# Extracted data
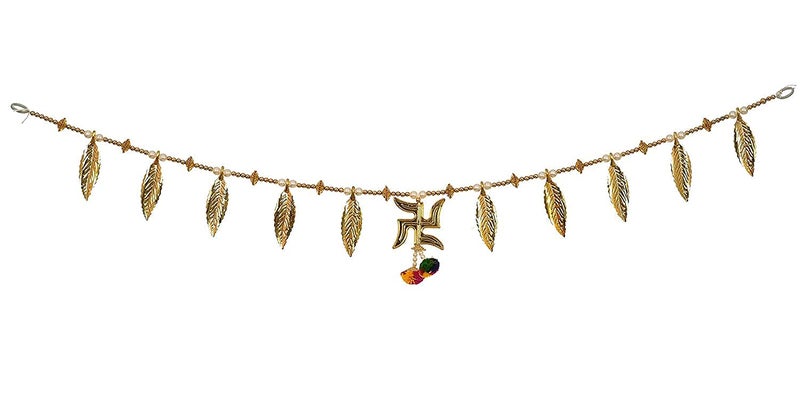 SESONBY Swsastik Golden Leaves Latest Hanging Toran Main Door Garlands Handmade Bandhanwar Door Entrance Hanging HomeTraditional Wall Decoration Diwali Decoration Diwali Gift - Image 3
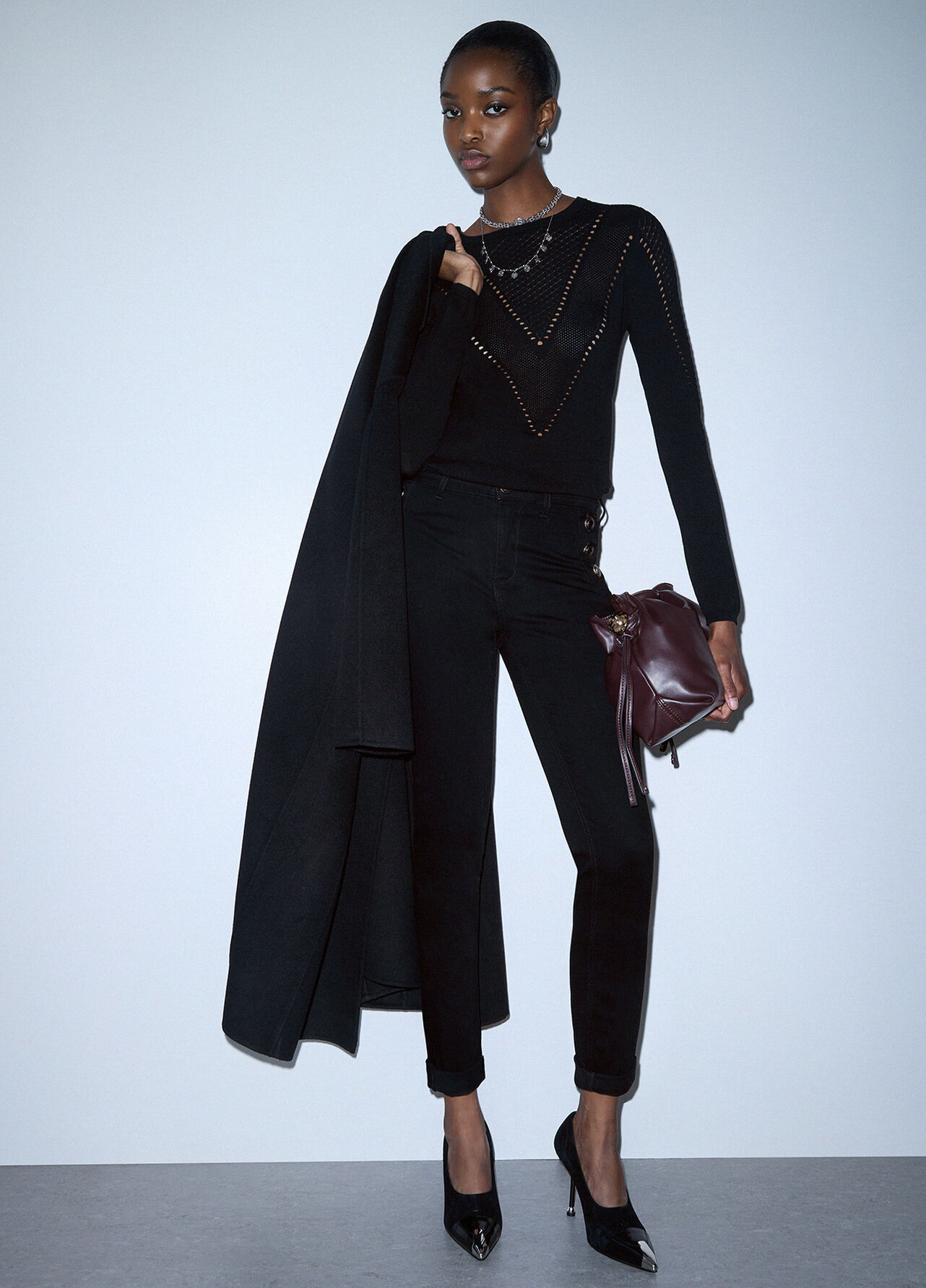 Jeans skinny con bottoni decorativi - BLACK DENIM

==

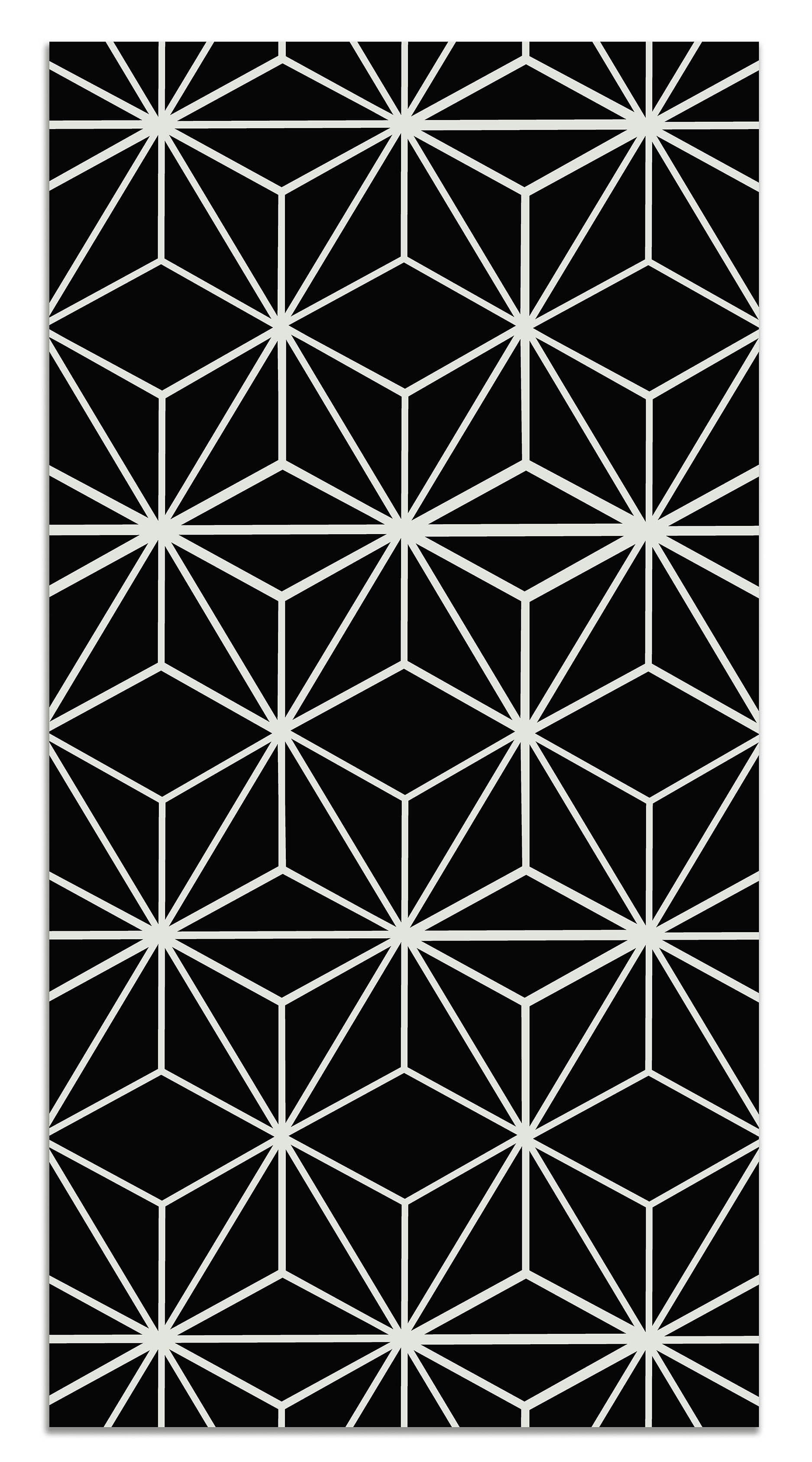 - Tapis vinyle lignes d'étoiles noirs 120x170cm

==

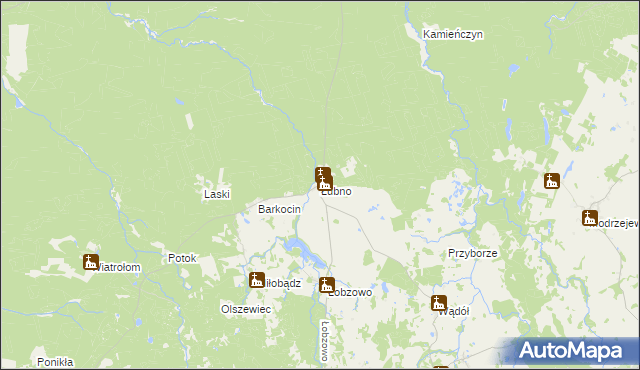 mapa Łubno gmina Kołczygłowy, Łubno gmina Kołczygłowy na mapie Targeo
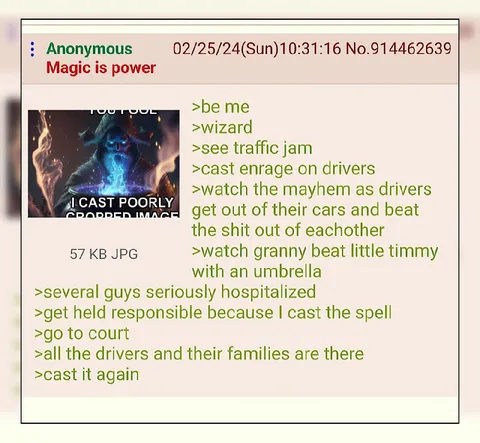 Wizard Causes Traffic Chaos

# Your instructions
Keep to the stretch from the line containing "SESONBY Swsastik Golden" through the line containing "Jeans skinny con", both ends included, and copy it exactly from the listing above, minus the pictures.

# Reply
 SESONBY Swsastik Golden Leaves Latest Hanging Toran Main Door Garlands Handmade Bandhanwar Door Entrance Hanging HomeTraditional Wall Decoration Diwali Decoration Diwali Gift - Image 3
 Jeans skinny con bottoni decorativi - BLACK DENIM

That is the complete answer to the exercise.